- [WORK TO COMPLETE]:
With no images included, output each entry below exactly as it appears.

- [Excerpts from a dataset]:
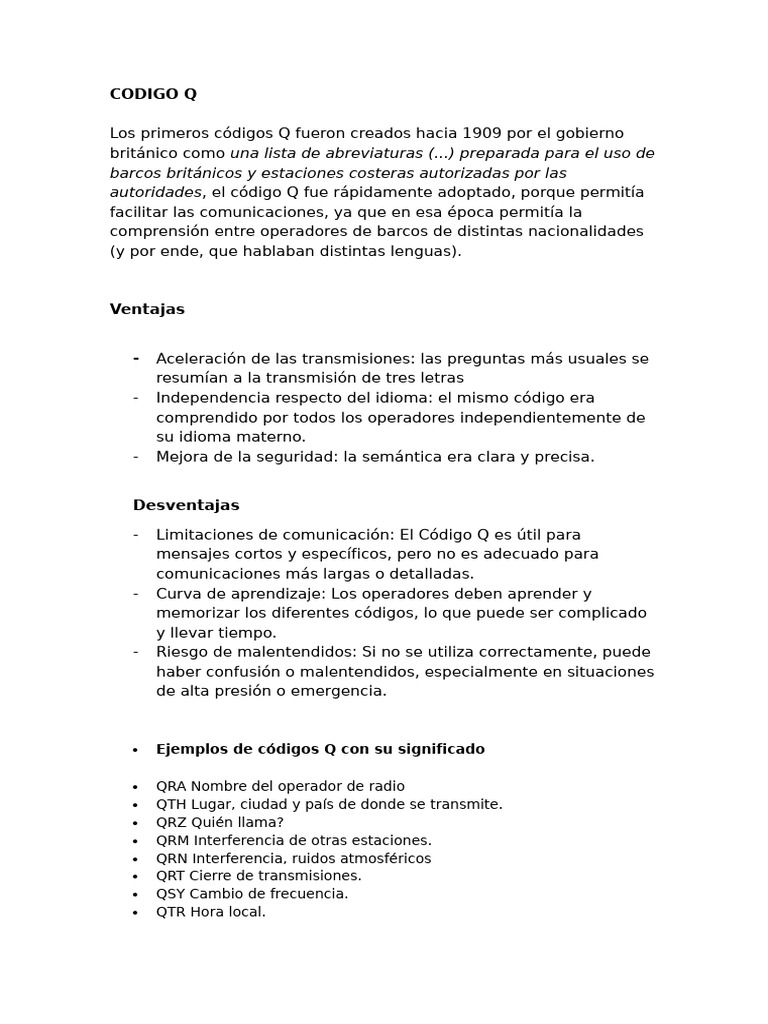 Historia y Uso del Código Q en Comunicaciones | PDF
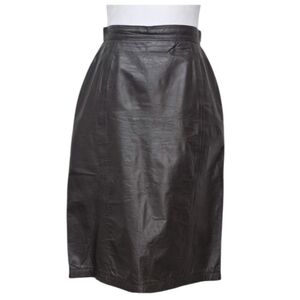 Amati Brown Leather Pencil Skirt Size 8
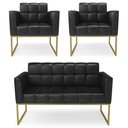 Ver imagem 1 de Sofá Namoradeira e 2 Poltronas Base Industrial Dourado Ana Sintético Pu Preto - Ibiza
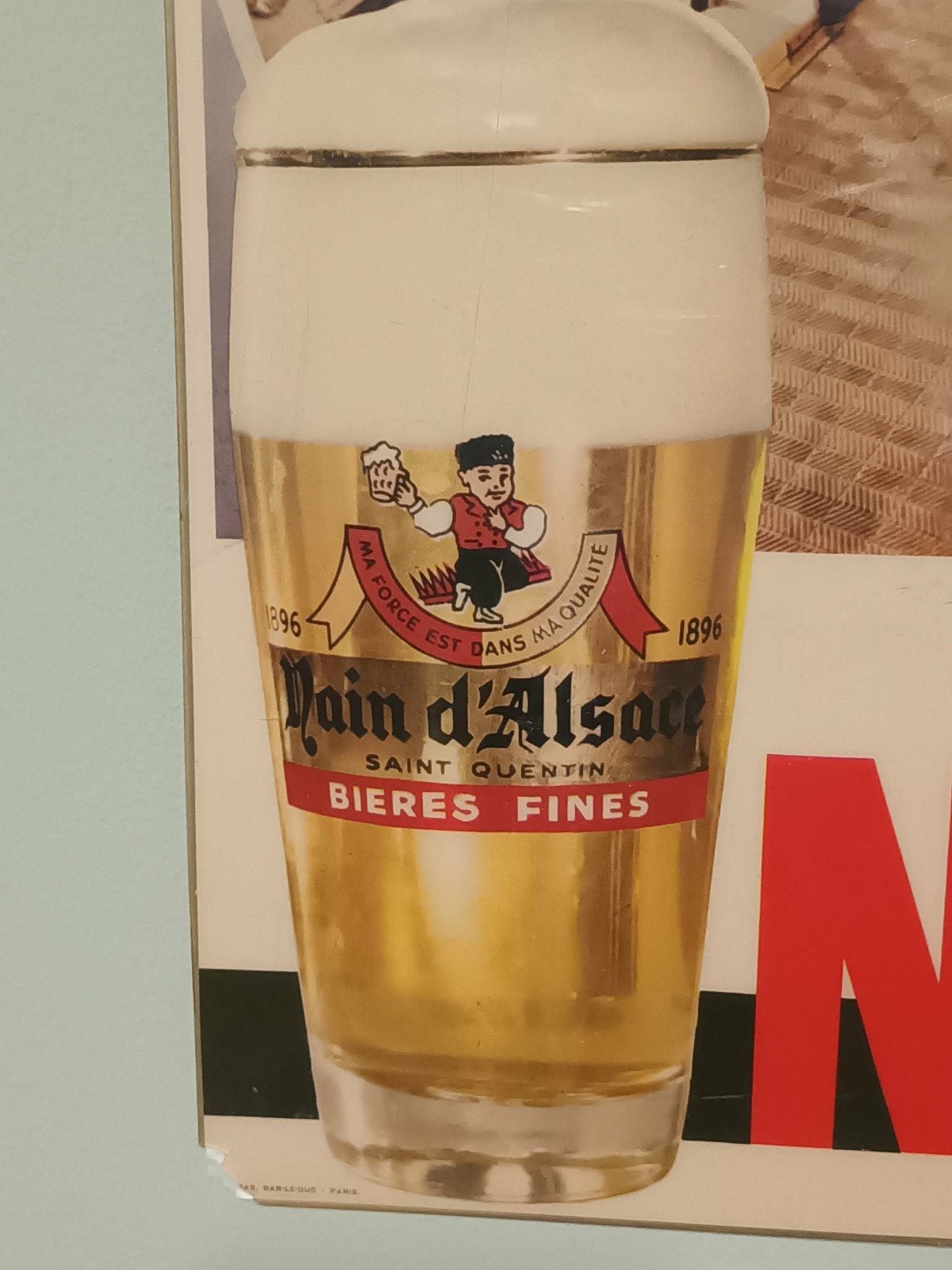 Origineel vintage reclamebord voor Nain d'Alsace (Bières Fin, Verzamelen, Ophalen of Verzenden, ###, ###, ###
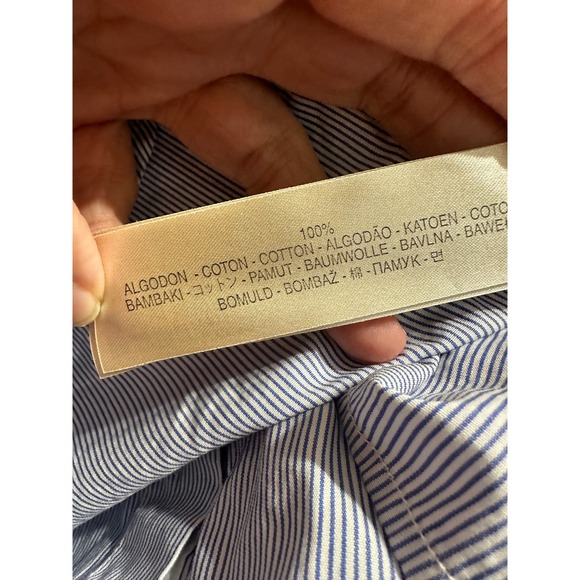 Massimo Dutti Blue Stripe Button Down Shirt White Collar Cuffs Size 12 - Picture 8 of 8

- [COMPLETED TASK]:
 Historia y Uso del Código Q en Comunicaciones | PDF
 Amati Brown Leather Pencil Skirt Size 8
 Ver imagem 1 de Sofá Namoradeira e 2 Poltronas Base Industrial Dourado Ana Sintético Pu Preto - Ibiza
 Origineel vintage reclamebord voor Nain d'Alsace (Bières Fin, Verzamelen, Ophalen of Verzenden, ###, ###, ###
 Massimo Dutti Blue Stripe Button Down Shirt White Collar Cuffs Size 12 - Picture 8 of 8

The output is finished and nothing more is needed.